Angin bertiup kencang dari arah barat. Menerbangkan daun-daun yang masih hijau menjauh dari tempat asalnya. Burung-burung kecil datang dan hinggap di atas dahan pohon yang bagian atasnya sudah rontok tak menyisakan daun sedikit pun. Burung-burung itu berkicau merdu, bernyanyi dalam hembusan angin sepoi-sepoi.
Seorang remaja laki-laki duduk bersandar di bawahnya, tubuhnya berkeringat dan napasnya terengah-engah. “Mantra itu sepertinya tidak bisa kuucapkan begitu saja.”
Di arah kanannya, berjarak seratus meter, ada seekor monster bertubuh besar dan lelaki yang berbaring di sampingnya. Mereka berdua terkapar dengan wajah terkejut. Tubuh mereka sedikit menghitam seperti hangus tapi hembusan napas masih keluar dari lubang hidungnya. Mereka hanya pingsan.
Lucius bangkit berdiri, sambil berpegangan pada pohon yang dijadikannya sandaran tadi. Sejenak ia menatap lelaki yang sedang pingsan itu, lalu berganti melihat ke arah monster itu.

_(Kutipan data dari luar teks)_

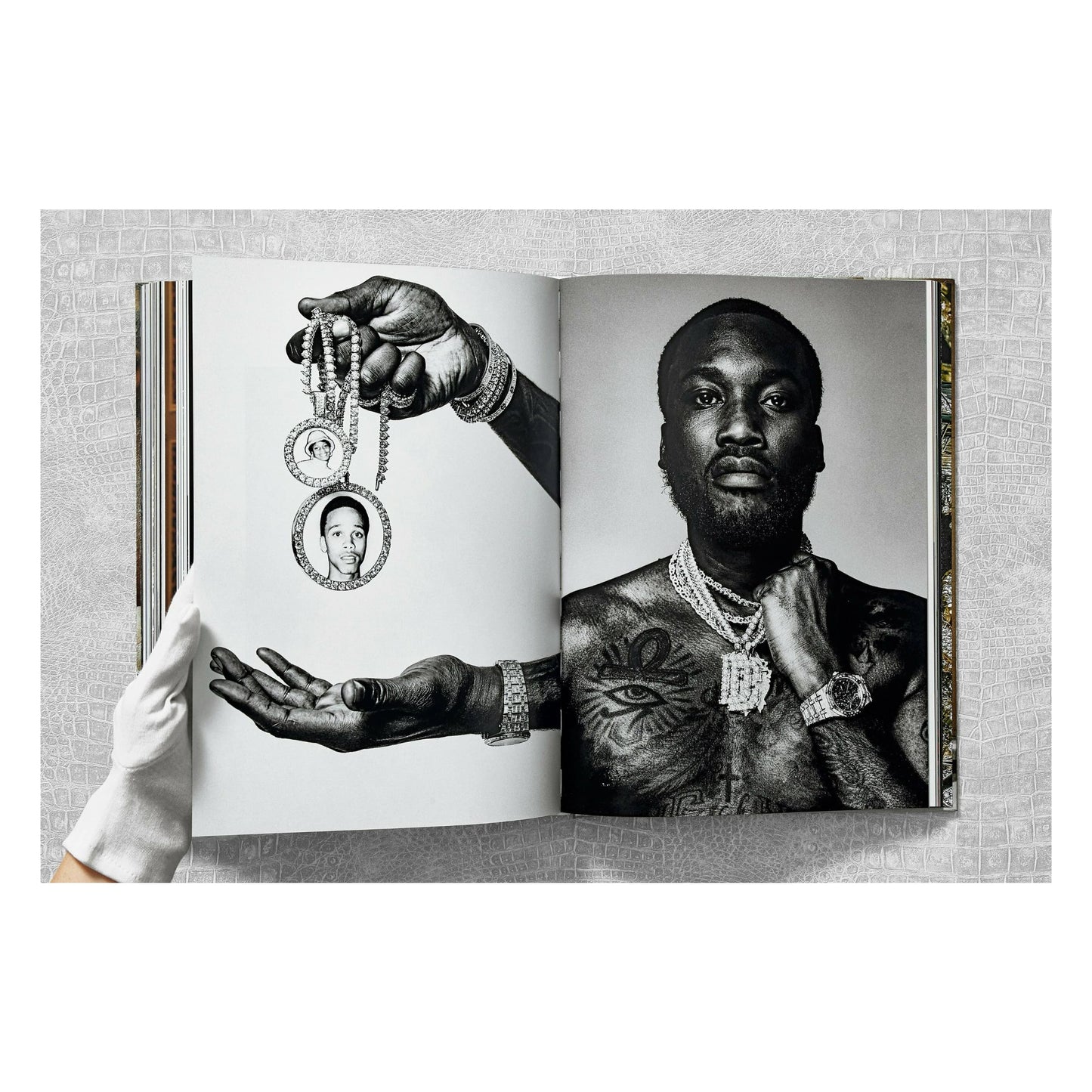 Ice Cold. A Hip-Hop Jewelry History (German, French, English) Book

“Makhluk apa itu?” tanyanya setelah beberapa saat mengamatinya. Ia kemudian berjalan mendekatinya. Menyeret salah satu kakinya yang lemas karena kecerobohannya di pertarungan tadi.

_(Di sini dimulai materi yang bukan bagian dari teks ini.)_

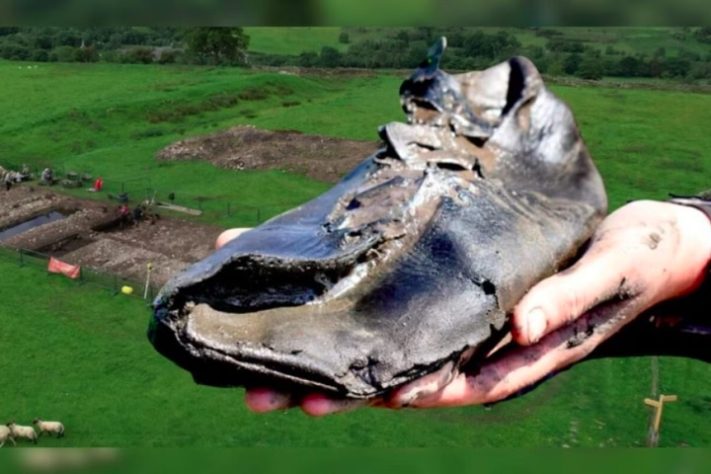 Arqueólogos encontram sapatos gigantes de 2 mil anos na Inglaterra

Monster itu merintih kesakitan dengan suara seraknya. Meskipun begitu, matanya tetap terpejam tak sadarkan diri. “Baguslah kalau makhluk ini masih hidup, biar kulaporkan pada petugas patroli setempat.”
Ketika mendongakkan kepalanya, tiga pria berjubah cokelat terlihat berdiri di hadapan Lucius. Masing-masing dari mereka membuka tudung yang menutupi kepala mereka. Lucius tak bisa menyembunyikan ekspresi terkejutnya, kedua tangannya bergetar tak bisa dipahami. Dengkulnya melemah seketika. Ada sesuatu yang dirasakan Lucius dari ketiga pria itu, dan itu yang membuat tubuh Lucius gemetar dan melemah. Matanya membelalak kepada tiga pria itu, sambil menopang satu kakinya yang hampir membuatnya tidak bisa berdiri, Lucius mengangkat satu tangannya. Mencoba menyelami isi pikirannya, berusaha mengingat-ingat kosa kata yang diberikan penggembala domba itu. Lucius berniat mengucapkan mantra sihir lagi.

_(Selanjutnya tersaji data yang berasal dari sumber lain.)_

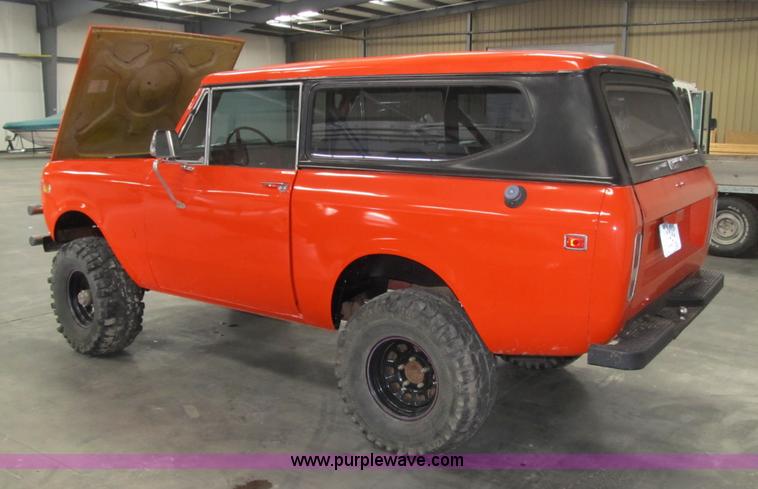 image for item 4052 1971 International Scout II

Dengan tangan gemetarnya, Lucius berjuang menyeimbangkan telapak tangannya dan mengarahkannya pada tiga pria itu.
Tiga pria berjubah cokelat itu menggunakan topeng setengah wajah, mereka menutupi bagian atas wajah mereka dengan topeng itu. Salah satu dari mereka, pria yang berdiri di tengah tepatnya, dia punya mata yang aneh. Bola matanya tampak seperti diukir dengan tinta merah, hitam, dan kuning. Ketiga warna itu terkadang terlihat menyatu jadi satu kadang juga hanya memperlihatkan satu warna itu saja. Tatapan matanya tidak pernah berubah sejak pertama kali menangkap ekspresi terkejut Lucius.